A comparison with the historical record becomes progressively more difficult for older episodes. Even when events are well attested their exact genetic impacts (if any) are rarely if ever known, motivating our approach. Nevertheless, we have identified nine groups of populations showing related events, incorporating almost all (19/20) with the strongest GLOBETROTTER admixture evidence (9). Results are presented as online maps (26). Some events appear to match well with particular historical occurrences such as the Bantu Expansion into Southern Africa (9). Events affecting a group of seven populations (Fig. 2D, purple box 4) correspond in time to the rapid expansion led by Genghis Khan and the subsequent Mongol empire (1206-1368CE) (31), one of the most dramatic events in human history. These populations, including the Hazara (32, 33), Uygur (34) and the Mongola themselves, were sampled from within the range of the Mongol empire and show an admixture event dating within the Mongol Period, with one source closely genetically related to the Mongola that progressively decreases in proportion westward, to 8% in the Turkish (Fig. 2D).

Seventeen populations from the Mediterranean, Near East and countries bordering the Arabian Sea (Fig. 2D, blue box 3) show signals of admixture from sub-Saharan Africa, with most recent dates in the range 890-1754CE (Fig. 2B,D). We interpret these signals, consistent with overlapping results of previous studies (4, 20) as resulting from the Arab expansion and slave trade, which originated around the 7th century (35). Our event dates are highly consistent with this, but also imply earlier sub-Saharan African gene flow into e.g. the Moroccans. The highest-contributing sub-Saharan donor is West African for all 12 Mediterranean populations, and an East or South African Bantu-speaking group for all 5 Arabian Sea populations (Fig. 2D), confirming genetically different sources for these slave trades (35).

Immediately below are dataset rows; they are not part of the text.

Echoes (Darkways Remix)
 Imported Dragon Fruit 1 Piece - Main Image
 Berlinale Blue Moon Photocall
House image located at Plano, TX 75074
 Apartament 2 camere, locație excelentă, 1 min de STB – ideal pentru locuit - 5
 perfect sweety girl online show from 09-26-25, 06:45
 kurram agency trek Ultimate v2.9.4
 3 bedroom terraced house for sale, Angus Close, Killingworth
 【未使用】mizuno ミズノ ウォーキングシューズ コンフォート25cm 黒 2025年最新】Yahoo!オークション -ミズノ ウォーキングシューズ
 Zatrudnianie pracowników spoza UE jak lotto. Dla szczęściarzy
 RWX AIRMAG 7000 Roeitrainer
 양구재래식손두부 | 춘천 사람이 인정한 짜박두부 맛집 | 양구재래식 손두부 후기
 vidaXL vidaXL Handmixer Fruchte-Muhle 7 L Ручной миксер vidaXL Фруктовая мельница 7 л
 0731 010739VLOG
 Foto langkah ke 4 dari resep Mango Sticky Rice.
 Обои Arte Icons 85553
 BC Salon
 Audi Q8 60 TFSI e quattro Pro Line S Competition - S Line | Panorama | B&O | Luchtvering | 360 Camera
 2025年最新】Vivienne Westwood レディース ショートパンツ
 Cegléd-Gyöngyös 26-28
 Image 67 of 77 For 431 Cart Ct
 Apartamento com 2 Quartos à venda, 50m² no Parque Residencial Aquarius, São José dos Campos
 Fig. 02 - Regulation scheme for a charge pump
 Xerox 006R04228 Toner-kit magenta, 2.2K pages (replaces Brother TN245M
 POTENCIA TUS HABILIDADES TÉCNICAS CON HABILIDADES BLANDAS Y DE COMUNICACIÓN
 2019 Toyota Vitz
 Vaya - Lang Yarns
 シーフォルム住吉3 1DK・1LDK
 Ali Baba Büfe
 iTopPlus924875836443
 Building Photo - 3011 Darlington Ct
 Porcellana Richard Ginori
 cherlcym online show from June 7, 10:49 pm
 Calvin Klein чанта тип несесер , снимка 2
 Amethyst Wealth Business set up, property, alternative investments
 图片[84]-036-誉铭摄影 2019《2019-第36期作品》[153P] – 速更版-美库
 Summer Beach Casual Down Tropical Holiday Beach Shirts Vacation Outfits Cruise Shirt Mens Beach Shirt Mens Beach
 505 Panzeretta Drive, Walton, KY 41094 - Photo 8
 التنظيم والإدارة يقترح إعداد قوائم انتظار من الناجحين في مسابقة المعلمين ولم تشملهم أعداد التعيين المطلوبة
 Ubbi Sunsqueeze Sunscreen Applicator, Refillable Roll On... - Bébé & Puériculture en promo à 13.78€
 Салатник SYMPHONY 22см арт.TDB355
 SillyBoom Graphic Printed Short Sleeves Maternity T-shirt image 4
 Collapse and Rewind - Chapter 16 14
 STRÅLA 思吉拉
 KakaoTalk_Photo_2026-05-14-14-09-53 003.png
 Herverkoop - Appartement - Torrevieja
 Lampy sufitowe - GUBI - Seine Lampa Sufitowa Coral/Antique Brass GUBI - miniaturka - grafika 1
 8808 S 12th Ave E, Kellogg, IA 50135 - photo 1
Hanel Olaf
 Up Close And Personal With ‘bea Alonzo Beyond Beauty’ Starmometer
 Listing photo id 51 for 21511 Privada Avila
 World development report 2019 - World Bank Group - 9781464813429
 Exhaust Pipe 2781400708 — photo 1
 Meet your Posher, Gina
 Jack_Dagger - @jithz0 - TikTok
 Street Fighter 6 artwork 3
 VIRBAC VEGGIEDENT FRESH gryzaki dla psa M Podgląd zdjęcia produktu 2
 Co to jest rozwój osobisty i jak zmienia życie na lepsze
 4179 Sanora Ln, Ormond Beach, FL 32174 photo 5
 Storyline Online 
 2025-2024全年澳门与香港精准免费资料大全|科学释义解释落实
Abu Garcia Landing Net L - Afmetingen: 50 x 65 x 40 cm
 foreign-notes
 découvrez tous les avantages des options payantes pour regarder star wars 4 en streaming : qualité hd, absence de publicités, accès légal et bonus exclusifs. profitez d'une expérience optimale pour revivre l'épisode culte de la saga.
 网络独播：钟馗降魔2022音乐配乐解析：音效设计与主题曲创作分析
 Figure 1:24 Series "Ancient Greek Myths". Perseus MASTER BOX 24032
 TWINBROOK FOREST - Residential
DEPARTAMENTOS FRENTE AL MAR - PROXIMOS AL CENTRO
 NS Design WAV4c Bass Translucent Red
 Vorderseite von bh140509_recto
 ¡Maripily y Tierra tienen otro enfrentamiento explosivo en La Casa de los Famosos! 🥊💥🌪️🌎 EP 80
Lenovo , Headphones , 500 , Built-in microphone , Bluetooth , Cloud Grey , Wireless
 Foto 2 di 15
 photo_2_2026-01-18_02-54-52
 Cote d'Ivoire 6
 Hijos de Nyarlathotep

A population group centered around Eastern Europe shows signals of complex admixture. FineSTRUCTURE did not fully separate groups from this region, suggesting “masked” shared events might be present. We therefore repainted them excluding each other as donors: we performed similar re-analyses of five additional geographic regions for the same reason (Table S16; Figs. S16-21). The easterly Russians and Chuvash both show evidence (p<0.05) of admixture at more than one time (Fig. 2D), at least partially predating the Mongol empire, between groups with ancestry related to Northeast Asians (e.g. the Oroqen, Mongola and Yakut) and Europeans, respectively (Table S16). Six other European populations (Fig. 2D, pink/maroon box 2) independently show evidence following the repainting for similar admixture events involving more than two groups (p<0.02) at approximately the same time (Fig. 3). CIs for the admixture time(s) overlap, but predate the Mongol empire, with estimates from 440-1080CE (Fig. 3). In each population, one source group has at least some ancestry related to Northeast Asians with ~2-4% of these groups’ total ancestry linking directly to East Asia. This signal might correspond to a small genetic legacy from invasions of peoples from the Asian steppes (e.g. the Huns, Magyar and Bulgars) during the first millennium CE (36). The other two source groups appear much more local. One is more North-European in the repainting - when we exclude other East European groups as donors - and is largely replaced by northern Slavic-speaking groups in our original analysis (Fig. 2D; Table S12). The other source is more southerly (e.g. Greece, West Asians). This local migration could explain a recent observation of an excess of IBD sharing in Eastern Europe – including in the Greeks, in whom we infer admixture involving a group represented by Poland, at the same time -that was dated to a wide range between 1,000 and 2,000 years ago (37). We speculate that these events may correspond to the Slavic expansion across this region at a similar time, perhaps related to displacement caused by the Eurasian steppe invaders (38).